From b5b4353ca6cc9b6457ddccc00bf87538291870fc Mon Sep 17 00:00:00 2001
From: Deepak Nibade <dnibade@nvidia.com>
Date: Tue, 20 Mar 2018 04:51:23 -0700
Subject: gpu: nvgpu: set safe state for user managed syncpoints

MAX/threshold value of user managed syncpoint is not tracked by nvgpu
So if channel is reset by nvgpu there could be waiters still waiting on some
user syncpoint fence

Fix this by setting a large safe value to user managed syncpoint when aborting
the channel and when closing the channel

We right now increment the current value by 0x10000 which should be sufficient
to release any pending waiter

Bug 200326065
Jira NVGPU-179

Change-Id: Ie6432369bb4c21bd922c14b8d5a74c1477116f0b
Signed-off-by: Deepak Nibade <dnibade@nvidia.com>
Reviewed-on: https://git-master.nvidia.com/r/1678768
Reviewed-by: svc-mobile-coverity <svc-mobile-coverity@nvidia.com>
GVS: Gerrit_Virtual_Submit
Reviewed-by: Konsta Holtta <kholtta@nvidia.com>
Reviewed-by: Vijayakumar Subbu <vsubbu@nvidia.com>
Reviewed-by: mobile promotions <svcmobile_promotions@nvidia.com>
Tested-by: mobile promotions <svcmobile_promotions@nvidia.com>
---
 drivers/gpu/nvgpu/gk20a/channel_gk20a.c | 18 ++++++++++++++----
 1 file changed, 14 insertions(+), 4 deletions(-)
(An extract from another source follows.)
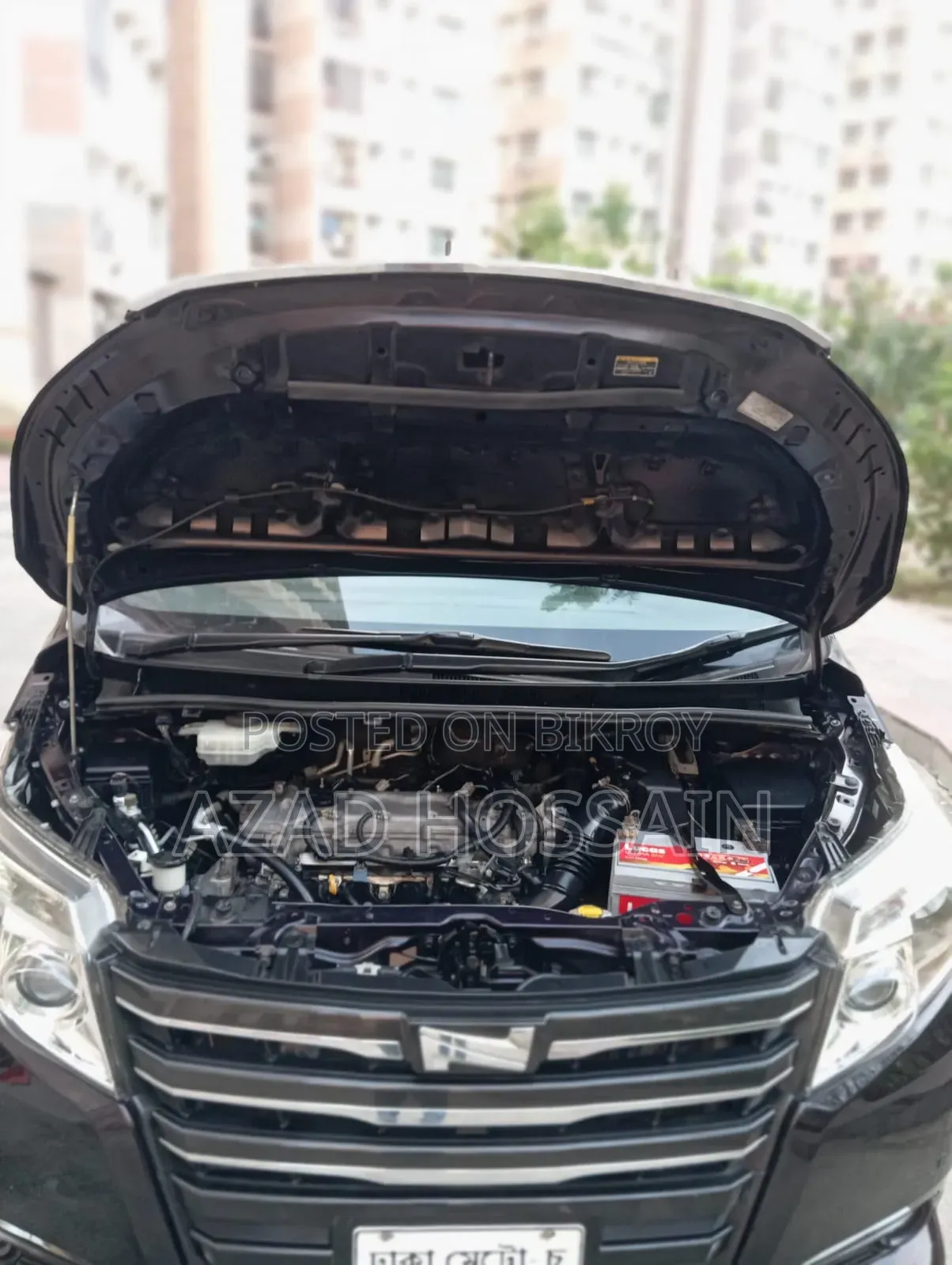 Toyota Noah 2.0 FWD (8 Seater) 2014 Purple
(limited to 'drivers/gpu/nvgpu/gk20a/channel_gk20a.c')

diff --git a/drivers/gpu/nvgpu/gk20a/channel_gk20a.c b/drivers/gpu/nvgpu/gk20a/channel_gk20a.c
index 78953558..65b17304 100644
--- a/drivers/gpu/nvgpu/gk20a/channel_gk20a.c
+++ b/drivers/gpu/nvgpu/gk20a/channel_gk20a.c
@@ -196,6 +196,8 @@ void gk20a_channel_abort_clean_up(struct channel_gk20a *ch)
 	nvgpu_mutex_acquire(&ch->sync_lock);
 	if (ch->sync)
 		ch->sync->set_min_eq_max(ch->sync);
+	if (ch->user_sync)
+		ch->user_sync->set_safe_state(ch->user_sync);
 	nvgpu_mutex_release(&ch->sync_lock);
 
 	/* release all job semaphores (applies only to jobs that use
@@ -435,11 +437,18 @@ static void gk20a_free_channel(struct channel_gk20a *ch, bool force)
 	/* sync must be destroyed before releasing channel vm */
 	nvgpu_mutex_acquire(&ch->sync_lock);
 	if (ch->sync) {
-		gk20a_channel_sync_destroy(ch->sync);
+		gk20a_channel_sync_destroy(ch->sync, false);
 		ch->sync = NULL;
 	}
 	if (ch->user_sync) {
-		gk20a_channel_sync_destroy(ch->user_sync);
+		/*
+		 * Set user managed syncpoint to safe state
+		 * But it's already done if channel has timedout
+		 */
+		if (ch->has_timedout)
+			gk20a_channel_sync_destroy(ch->user_sync, false);
+		else
+			gk20a_channel_sync_destroy(ch->user_sync, true);
 		ch->user_sync = NULL;
 	}
 	nvgpu_mutex_release(&ch->sync_lock);
@@ -1211,7 +1220,7 @@ clean_up_prealloc:
 		channel_gk20a_free_prealloc_resources(c);
 clean_up_sync:
 	if (c->sync) {
-		gk20a_channel_sync_destroy(c->sync);
+		gk20a_channel_sync_destroy(c->sync, false);
 		c->sync = NULL;
 	}
 clean_up_unmap:
@@ -1905,7 +1914,8 @@ void gk20a_channel_clean_up_jobs(struct channel_gk20a *c,
 				if (nvgpu_atomic_dec_and_test(
 					&c->sync->refcount) &&
 						g->aggressive_sync_destroy) {
-					gk20a_channel_sync_destroy(c->sync);
+					gk20a_channel_sync_destroy(c->sync,
+						false);
 					c->sync = NULL;
 				}
 				nvgpu_mutex_release(&c->sync_lock);
-- 
cgit v1.2.2